A federal judge in Manhattan has allowed sex discrimination claims to proceed against an intellectual property law firm that fired an associate two days after she complained in an e-mail to partners that the firm’s women lawyers were being “relegated to non-partnership track support roles.”

A federal judge in Manhattan has allowed sex discrimination claims to proceed against an intellectual property law firm that fired an associate two days after she complained in an e-mail to partners that the firm’s women lawyers were being “relegated to non-partnership track support roles.”

In a 53-page opinion issued last week, Southern District of New York Judge Kimba M. Wood said Catriona Collins had established a prima facie cases of discrimination and retaliation against her former firm, Cohen Pontani Lieberman & Pavane.

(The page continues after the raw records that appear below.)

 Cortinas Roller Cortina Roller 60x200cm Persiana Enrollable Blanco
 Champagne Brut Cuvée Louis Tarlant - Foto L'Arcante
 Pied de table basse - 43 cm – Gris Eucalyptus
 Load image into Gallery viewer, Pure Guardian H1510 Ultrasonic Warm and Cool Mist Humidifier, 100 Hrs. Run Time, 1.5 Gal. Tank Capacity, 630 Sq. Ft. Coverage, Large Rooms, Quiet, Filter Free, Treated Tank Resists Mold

The judge said remarks by Cohen Pontani managing partner Martin B. Pavane that Collins was insufficiently “sweet” in dealing with a paralegal “could be construed as reflecting discriminatory animus.”

“A reasonable jury could find that Pavane’s statement indicates that (1) he holds stereotypes that women should be ‘sweet’ and non-aggressive, and (2) that Pavane believed that Plaintiff did not fit this stereotype,” Wood wrote in Collins v. Cohen Pontani Lieberman & Pavane, 04 Civ. 8983.

Collins joined 30-lawyer Cohen Pontani as a litigation associate in 1997. A law graduate of both Dublin’s Trinity College and Cambridge University, she had previously worked for nine years at the IP boutique then known as Hopgood Calimafde Kalil & Judlow, which was acquired by Morgan, Lewis & Bockius in 2002.

According to her November 2004 complaint, Collins was told in 1999 that she would never be promoted to partner, despite positive reviews, because the partners, all of whom were then men, were “uncomfortable” with her. The firm’s Web site currently lists two female partners.

Collins claims she was thereafter passed over for work assignments that were instead given to male associates. This allegedly led to her having low billable hours, which the firm then cited in denying her salary increases.

On Sept. 16, 2003, Collins sent an e-mail to Cohen Pontani partners citing an article about the potential benefits of having women serve as lead counsel in patent litigation. She said Cohen Pontani was “behind the times” because women lawyers at the firm were not being given positions of responsibility.

She was terminated on Sept. 18, 2003. The firm claims it fired Collins that day because she sent a series of “insulting and unprofessional” e-mails to lawyers and paralegals distinct from her Sept. 16 message. According to Cohen Pontani, Collins had a history of clashing with other lawyers and staff and the Sept. 18 e-mails were the “last straw.”

But Wood said there were inconsistencies in the record that suggested partners had decided to fire Collins after the Sept. 16 e-mail rather than the Sept. 18 ones. She noted that Pavane had testified that he had been “angered” by her Sept. 16 e-mail, calling it “obnoxious” and “just a ranting of somebody who is looking to set you up for litigation.”

The judge also said the criteria that Cohen Pontani used to allocate work assignments and promote associates to partnership needed to be examined more closely.